U.S. hotels posted strong numbers in August, led by high occupancy in the luxury sector, according to the latest data from STR.
Overall occupancy was up 2.3 percent to 69.2 percent from a year earlier, while the average daily rate was up 4.5 percent to $112.14, the firm reports. The revenue per available room (RevPar) increased 6.9 percent to $77.59.
"As summer waned, the U.S. hotel industry reported another strong month of RevPAR growth," said Jan Freitag, senior vice president of strategic development at STR. "Luxury hotel operators were especially able to capitalize on their high occupancies in August--77.1 percent--and increased ADR by 7.9 percent to $274.36."
Resorts also performed well. The average daily rate increased 6.3 percent in August and RevPar was up 10.3 percent.

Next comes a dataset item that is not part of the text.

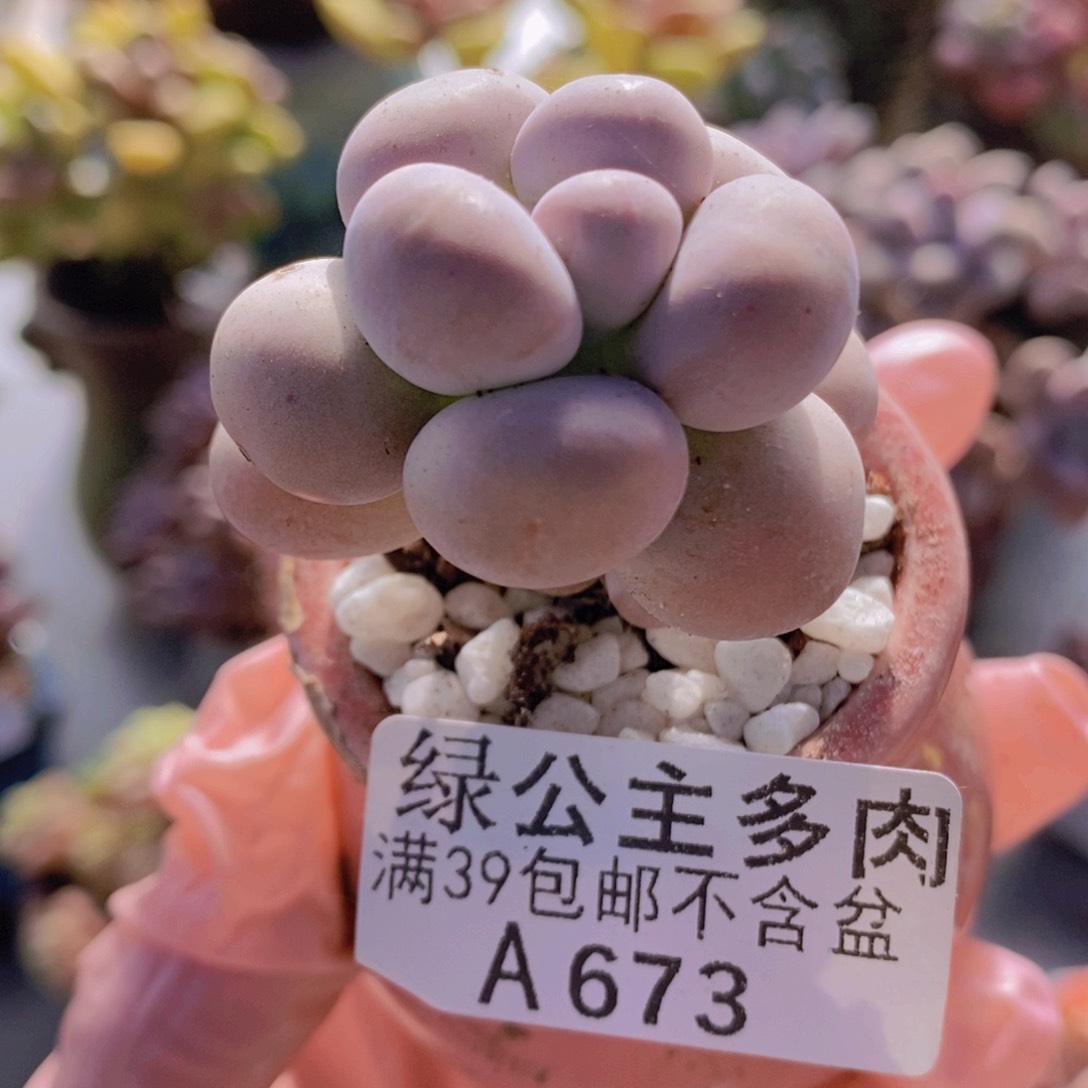 芭比奶洛5cm673多肉酱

The top 25 markets reported a RevPar increase of 7.7 percent, with an average daily rate of $131.62 compared to $102.37 for the rest of the U.S.
More from the report:
Among the Top 25 Markets, Nashville, Tennessee, achieved the largest occupancy increase, rising 11.0 percent to 71.3 percent. Tampa-St. Petersburg, Florida, fell 4.5 percent in occupancy to 59.9 percent, posting the largest decrease in that metric.

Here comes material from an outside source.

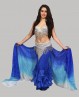 Coordinated silver belly dance bra + belt set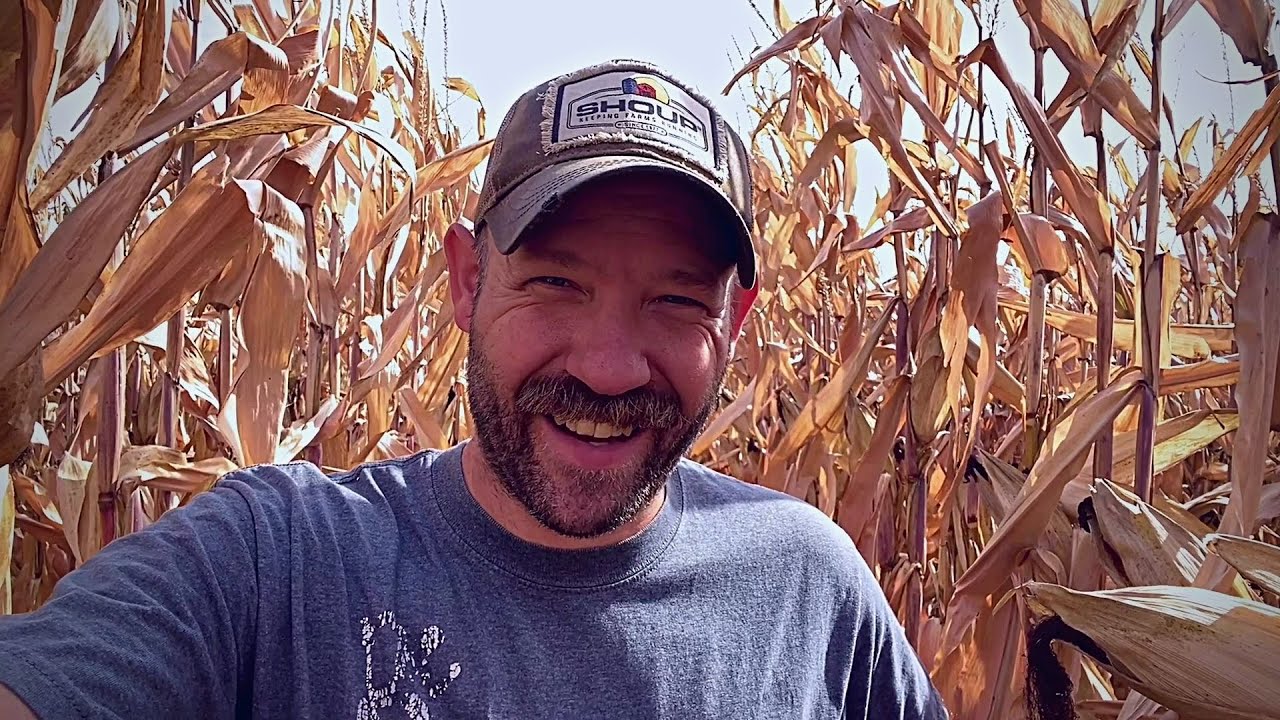 The State of Things - Before Harvest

Five markets experienced double-digit ADR increases: San Francisco/San Mateo, California (+13.9 percent to US$205.01); Oahu Island, Hawaii (+13.7 percent to US$224.02); Seattle, Washington (+11.2 percent to US$145.40); Miami-Hialeah, Florida (+10.6 percent to US$139.29); and Anaheim-Santa Ana, California (+10.0 percent to US$143.99). Tampa-St. Petersburg fell 20.9 percent in ADR to US$91.40, reporting the largest decrease in that metric.
Nashville increased 21.2 percent in RevPAR to US$72.47, achieving the largest increase in that metric, followed by San Francisco/San Mateo (+16.7 percent to US$190.13) and Seattle (+16.7 percent to US$134.59). Tampa-St. Petersburg experienced the largest RevPAR decrease, falling 24.5 percent to US$54.78.